One of the things that is clearest in my mind is how this interest in working with building originated. It evolved out of that period in 1970, when I was living in the basement of 112 Greene Street and doing things in different corners. Initially they weren’t at all related to the structure. I was just working within a place as a whole, as an object. 1
Even later he was still digging. In 1977 at Yvon Lambert Gallery in Paris, on the lam from his hectic life, he dug a hole in the ground that became five meters deep (Rendez-Vous, Sous-Sol (Descending Steps for Batan) 1977). Illuminated by a light bulb, Gordon continued digging until the exhibition was over. He investigated all kinds of underground spaces and went all over Paris and New York, in wine cellars, sub-basements, sewers, grottos, caves, abandoned tunnels and transportation systems. His was a great investigation that was recorded on film and in pictures that occasionally capture an instant of his obsession with the earth. He was always trying to figure out what to do underground, but his best works weren’t done there at all. I think the massiveness of the earth itself was one of the few things of which he stood in awe and it was one of the few things strong enough to stop him.

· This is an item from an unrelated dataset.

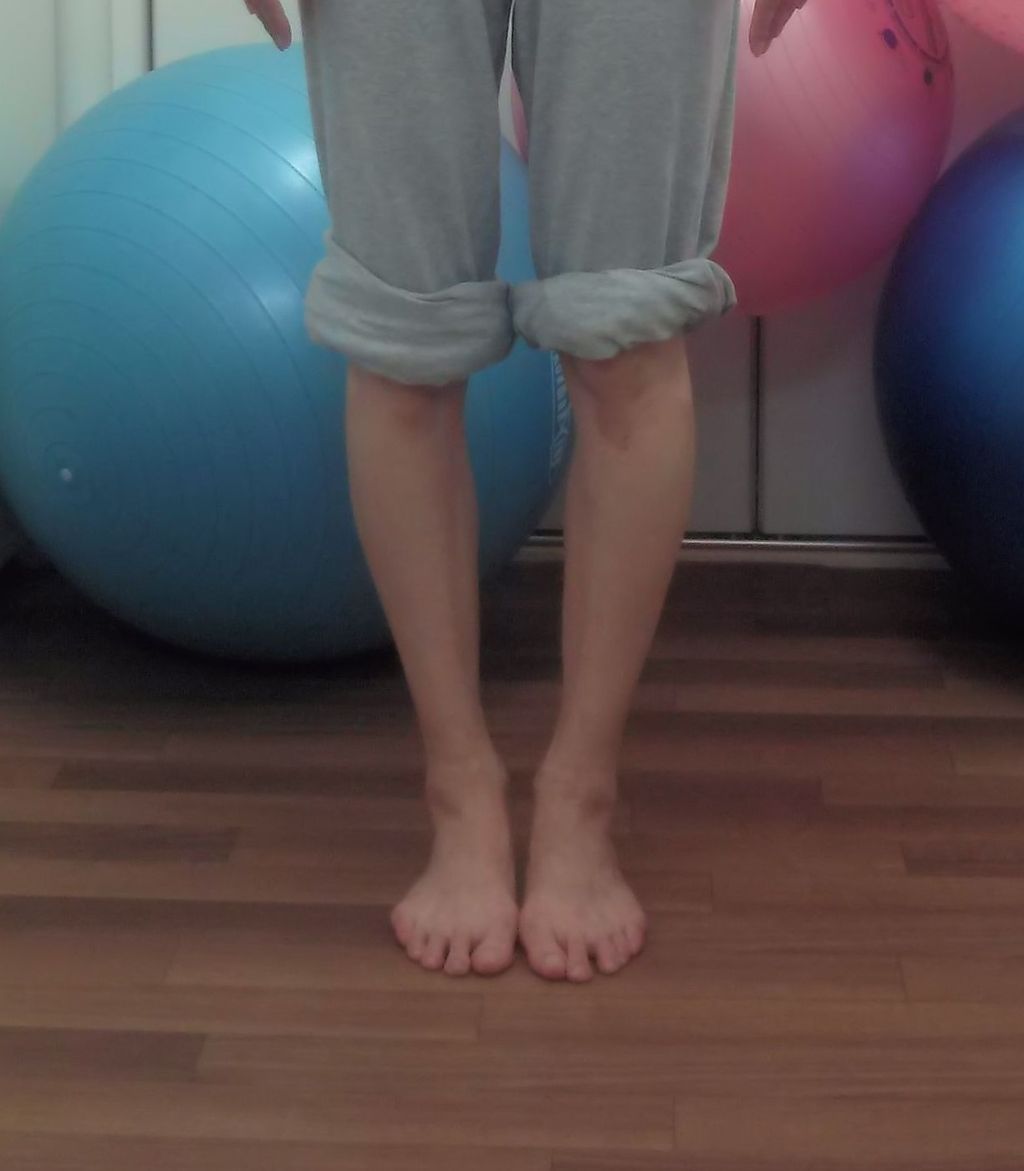 色々な足 56 テーピング勉強会のモデルをしてくれた40代のバレエ指導者 O脚 反張膝 やぶにらみ膝 脛骨外捻 甲が硬い足 いけちゃんのblog 練馬区関町の池島接骨院 院長日記 バレエ テーピング 足底板など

A cut and a slice — is there any question when a cut and a slice are just the same? A cut and a slice have no particular exchange. 2
Gordon was also a photographer and his underground interests were extensively documented. I like the wide thin portraits of the traveling murals on the New York subway cars, which were photographed in black-and- white and colored by hand. A medium-sized archive of photography is about all that remains of his work. Not all of these photographs are just documents. Quite a few of them are works of art and are intended as such. Looking at one of these photographs, which were usually not highly admired by Gordon’s friends, you get a really good idea not of the ‘work,’ but of Gordon’s head at the moment he sliced up these photos and juxtaposed them in ways he could never have done in the old buildings where the pictures were taken. It makes the activity of slicing up buildings much more constructive.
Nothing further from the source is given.